High CPU load for database server if project has a large number of pipelines
Issue
If the database CPU load is very high, it could be caused by the auto cancel redundant pipelines setting. This issue can affect the Sidekiq queue slowing down background jobs processing, causing side-effects such as Pipelines taking a long time picking up jobs, Merge Requests taking a long time to load and overall instance slowness.
Environment
-
Impacted offerings:
- GitLab Self-Managed
-
Impacted versions:
- Up to 17.4.2.
Cause
When auto-cancel redundant pipelines is enabled for a project, the CancelRedundantPipelinesService
uses a database query to find all pipelines created before a certain date.

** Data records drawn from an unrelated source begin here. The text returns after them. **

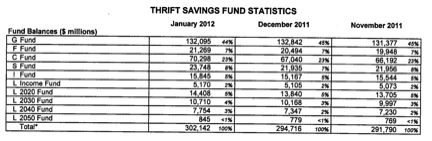 TSP Assets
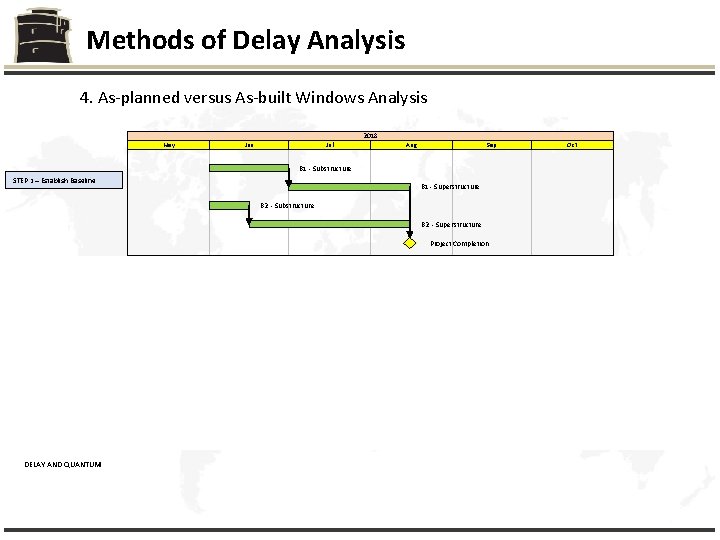Methods of Delay Analysis 4. As-planned versus As-built Windows Analysis 2018 May Jun Jul
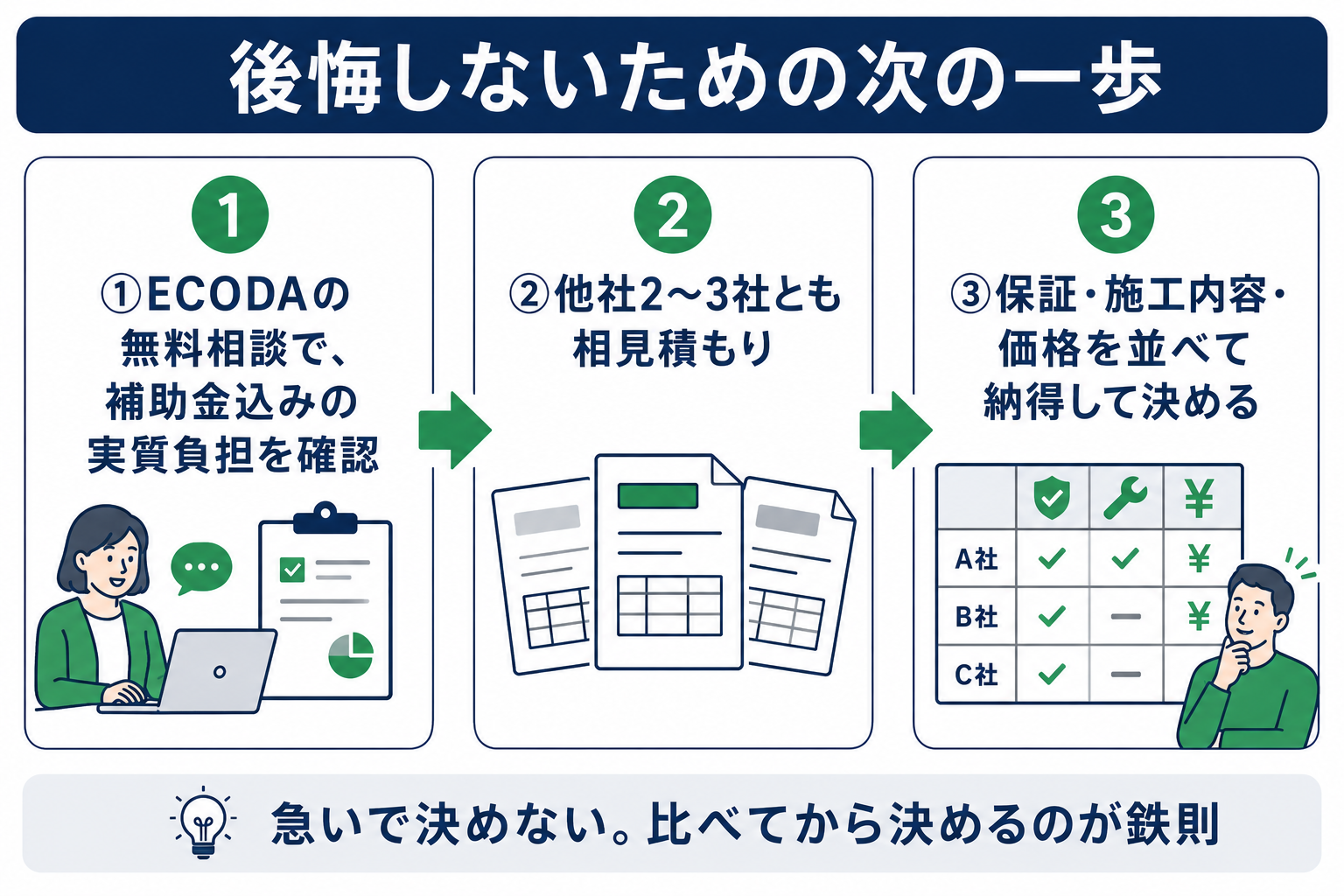 後悔しないための次の一歩3ステップ。ECODAの無料相談で補助金込みの実質負担を確認し、他社2〜3社と相見積もりを取り、保証・施工内容・価格を並べて納得して決める流れの図解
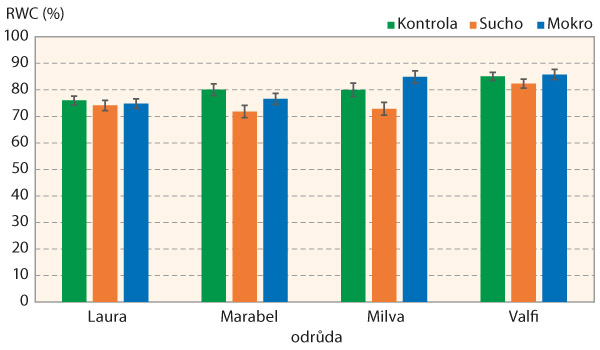 Graf: 1: Změny hodnot relativního obsahu vody (RWC, %) vybraných odrůd brambor v závislosti na variantě pokusu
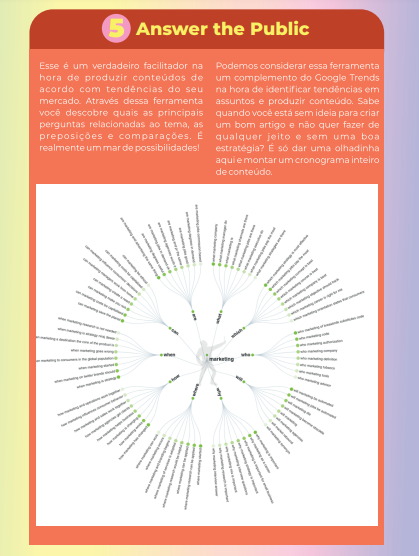 descobrindo tendências no answer the public
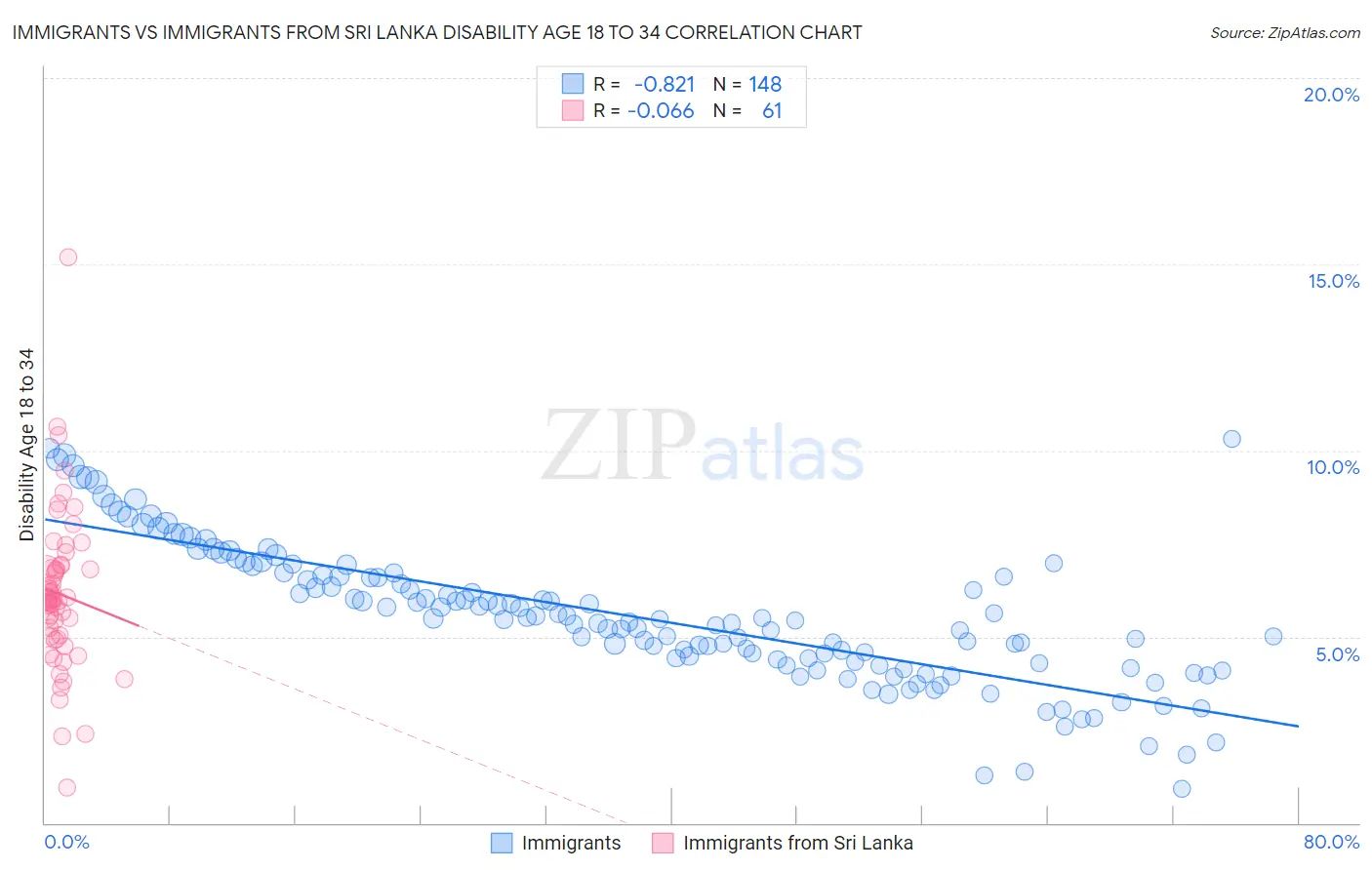 Immigrants vs Immigrants from Sri Lanka Disability Age 18 to 34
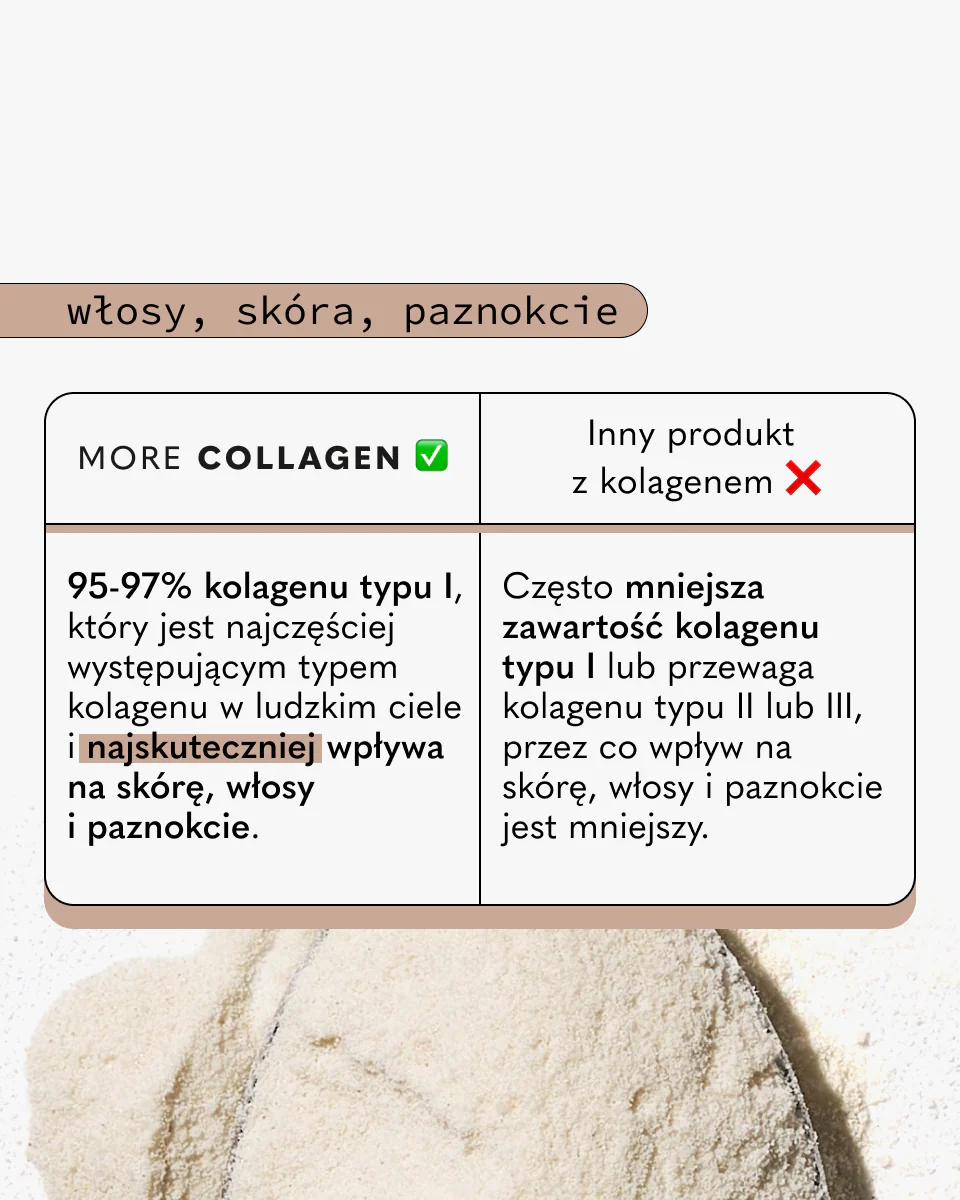 Zestaw: 2 x More COLLAGEN - Image 5
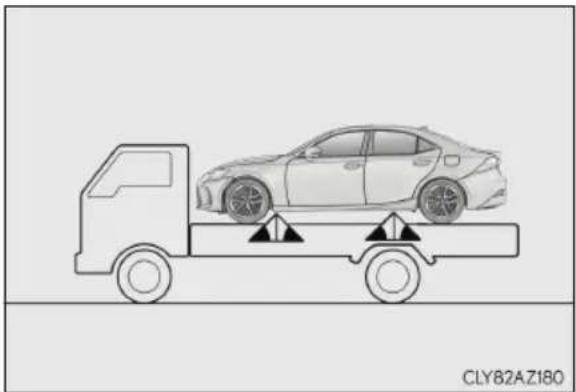 LEXUS IS 300h (2016) - Použitie vozidla s plošinou - 2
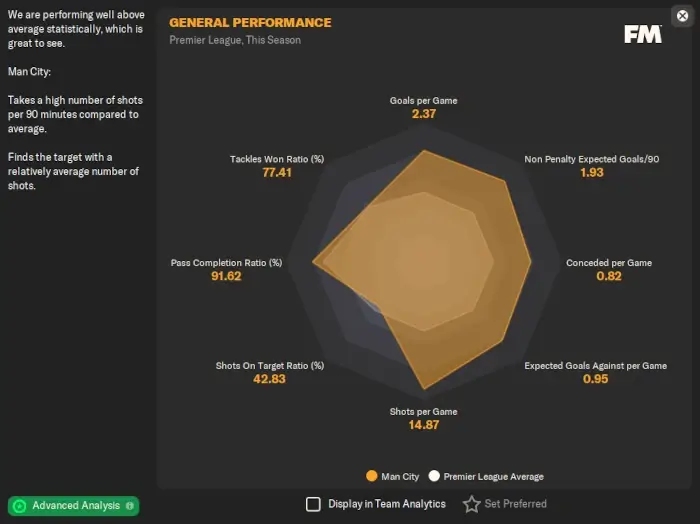 FM24 Pep Guardiola Man City Tactics 3-2-4-1 general performance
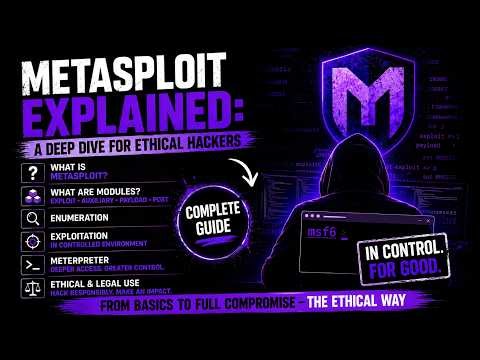 Metasploit Explained: A Deep Dive for Ethical Hackers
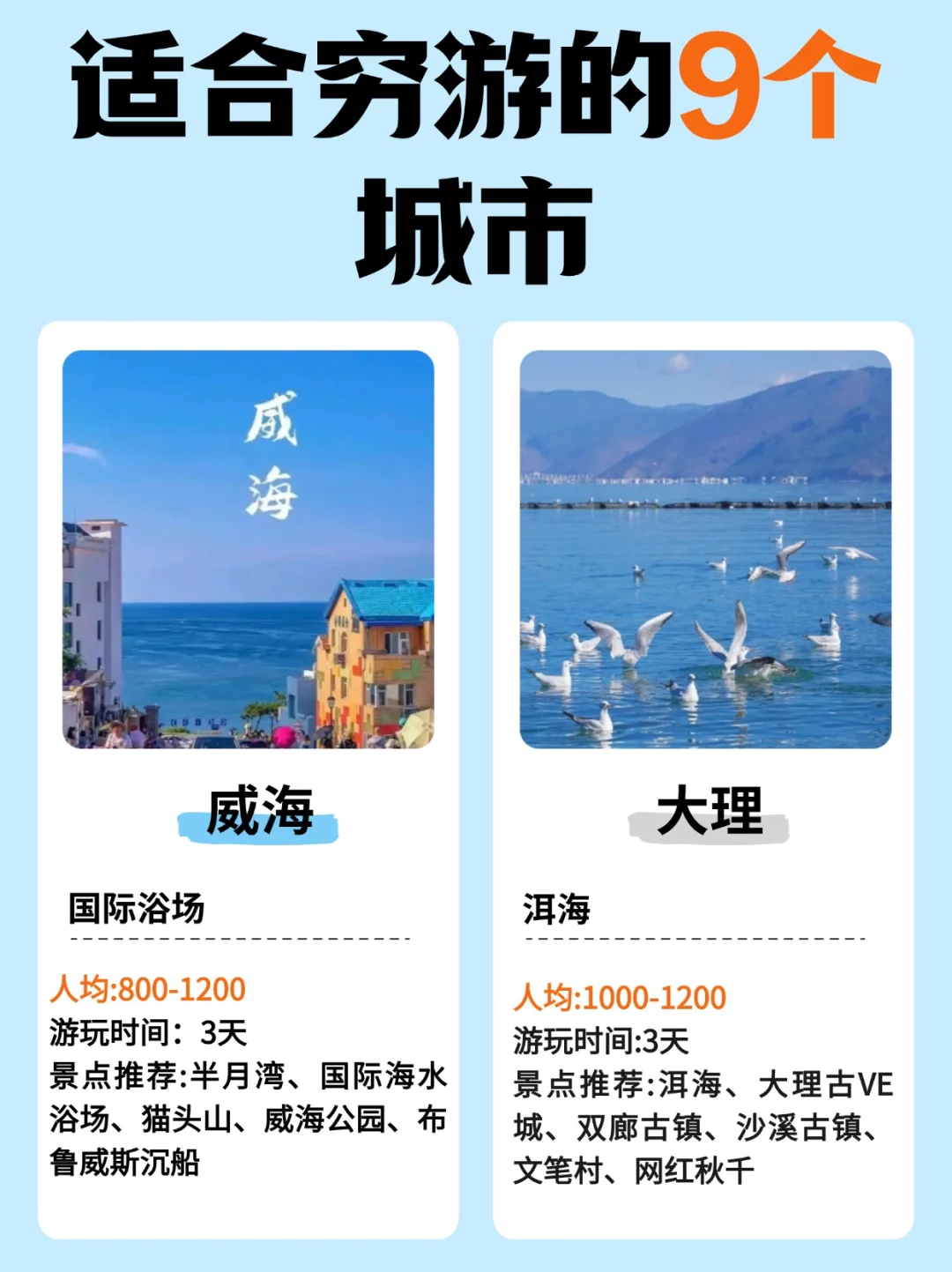 【2025】全年1-12月适合穷游的9个城市✅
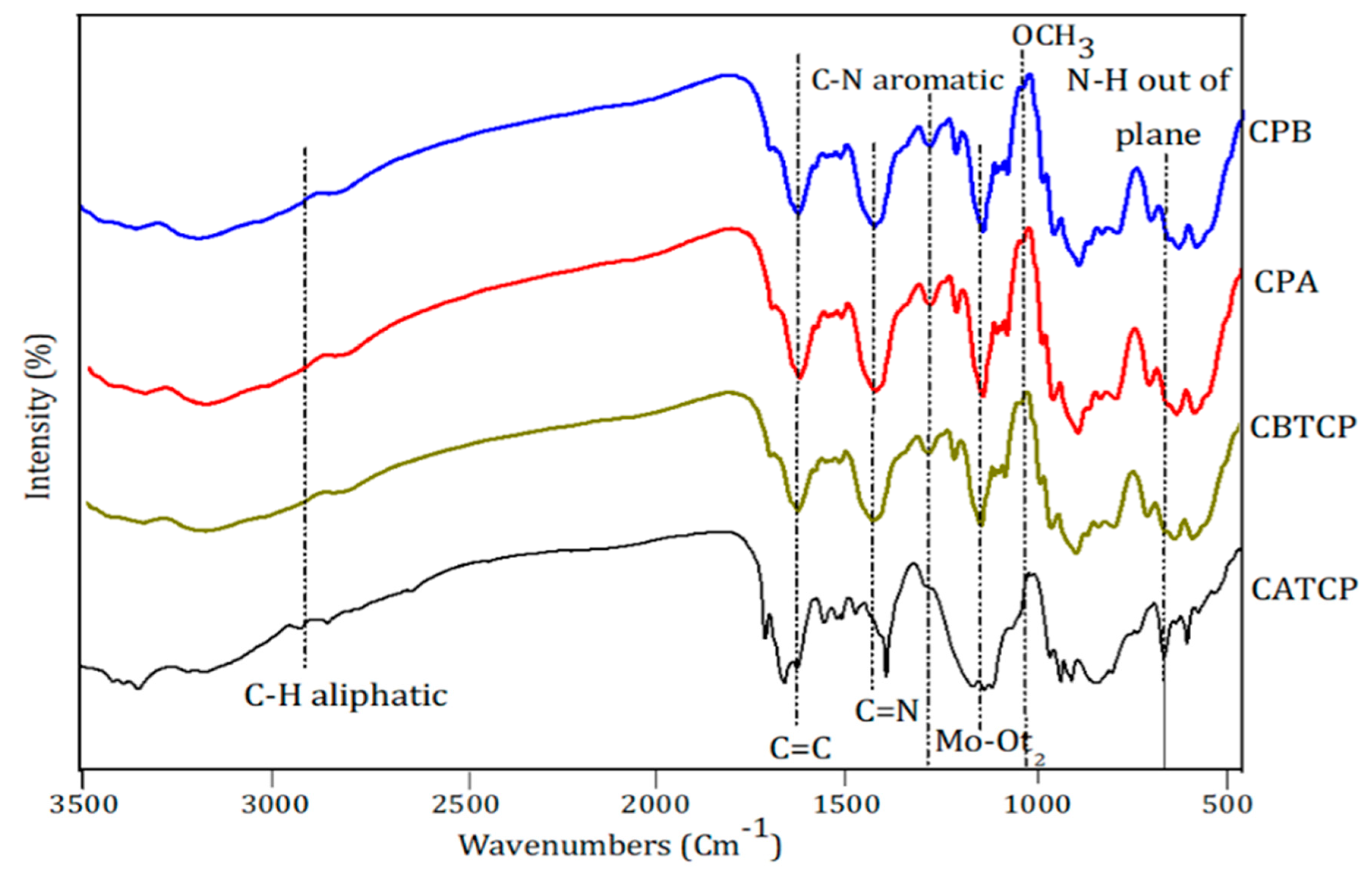 Membranes 11 00597 g003 550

This query adds a lot of CPU utilization on the database server when a project has a large number of pipelines.
Resolution
To identify if this issue is the causation of the CPU load:
- Check the Sidekiq queue and utilization. Look for the
CancelRedundantPipelinesService
worker — it is usually long-running or will have large amounts jobs in the queue. - Run the using the database console to identify the projects with the largest amounts of pipelines:
select project_id, count(project_id) as pipeline_count from ci_pipelines group by project_id having count(project_id) > 10000 order by pipeline_count desc;
- You can disable auto-cancel redudant pipelines for the projects with the largest number of pipelines, or disable instance-wide by enabling the feature flag
disable_cancel_redundant_pipelines_service
in the Rails console:Feature.enable(:disable_cancel_redundant_pipelines_service)
To workaround this issue without disabling the auto-cancel redundant pipelines settings on the project:
- Allocate more CPU resources to the database server.
- If Sidekiq is overloaded, you might need to add more Sidekiq processes for the
ci_cancel_redundant_pipelines
queue if your projects have a very large number of pipelines.